The name of the column marked (*) will vary from processor to processor (e.g. value_mg_l for the CRP processor; value_kg for the Weight processor; value_m for the Height processor). The columns may vary from processor to processor; for example, the blood pressure (BP) processor produces two numbers per entry (a systolic and a diastolic BP).
The validator simply looks for the corresponding keyword. It doesn’t record much information except for a reference to the source row.
In addition to the standard NLP output columns, a typical validator produces these output columns:
Column | SQL type | Description |
---|---|---|
variable_name | VARCHAR(64) | Variable name (e.g. ‘CRP’) |
_content | TEXT | Matching text contents |
_start | INT | Start position (of matching string within whole text) |
_end | INT | End position (of matching string within whole text) |
… plus any fields you elected to copy.
To look at things the validator recognized but the processor didn’t like, you can do something like the following. This example was created for a database with string source PKs (yuk) on Microsoft SQL Server (which sometimes requires a slightly convoluted way of specifying table names).
SELECT text -- field with the free text in
FROM crissql_v3.dbo.Progress_Notes -- source table
WHERE document_id IN ( -- primary key
SELECT _srcpkstr FROM crissql_workspace.[CRIS-CPFT\RCardinal].validate_crp
) AND document_id NOT IN (
SELECT _srcpkstr FROM crissql_workspace.[CRIS-CPFT\RCardinal].crp
)
This should produce text where CRP is mentioned but no value given, such as “FBC, TSH, vitamin B12, CRP and eGFR are all within normal range”; “blood sample taken (CRP/U&Es and FBC)”; “monitoring CK and CRP”; “CRP was back up yesterday”.

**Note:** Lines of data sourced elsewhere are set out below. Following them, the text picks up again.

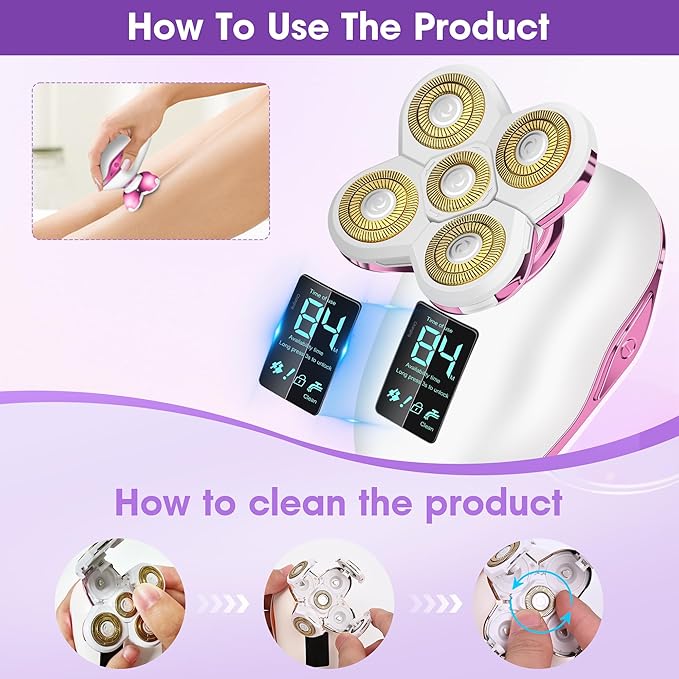 Electric Razors for Women Legs：5D Magnetic Detachable Head Flawless Razor-IPX7 Waterproof Wet Dry Cordless Trimmer-USB Rechargeable Travel Kit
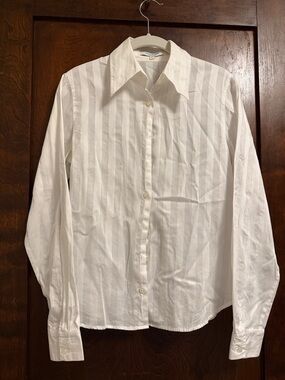 Anne Fontaine White Striped Dress Shirt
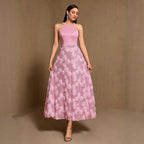Spring Summer Halter Print Stitching Large Hem Fully Lined Evening Dress Party Dress HENGACHI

For a table with integer PKs you would use _srcpkval
instead of
_srcpkstr
.
Specimen timing on a slow system (2016-11-15): 5,954 seconds (1h40) for a full run of 2,717,779 text notes (one per database row, from a table with a string PK) through 40 NLP tasks (20 main, 20 validator) on a virtual computer mimicking 2×2.7GHz CPUs running Windows Server 2003, with all databases under SQL Server hosted elsewhere over a network. That works out at 18.2 kHz for processor-notes or 456 Hz for notes. (The corresponding do-nothing incremental update, with the –skipdelete option, took 4,756 s. That’s not much faster, and was limited primarily by queries for a record indicating that each datum had previously been processed. The advantage of incremental updates can be considerably more than this if the NLP step is slow, as with GATE and other more complex systems, but regular expressions are pretty quick.) Fast computers with local networks and SSD storage should perform considerably better, and tables with integer PKs are also processed faster because their work can be more efficiently and evenly assigned to parallel processes.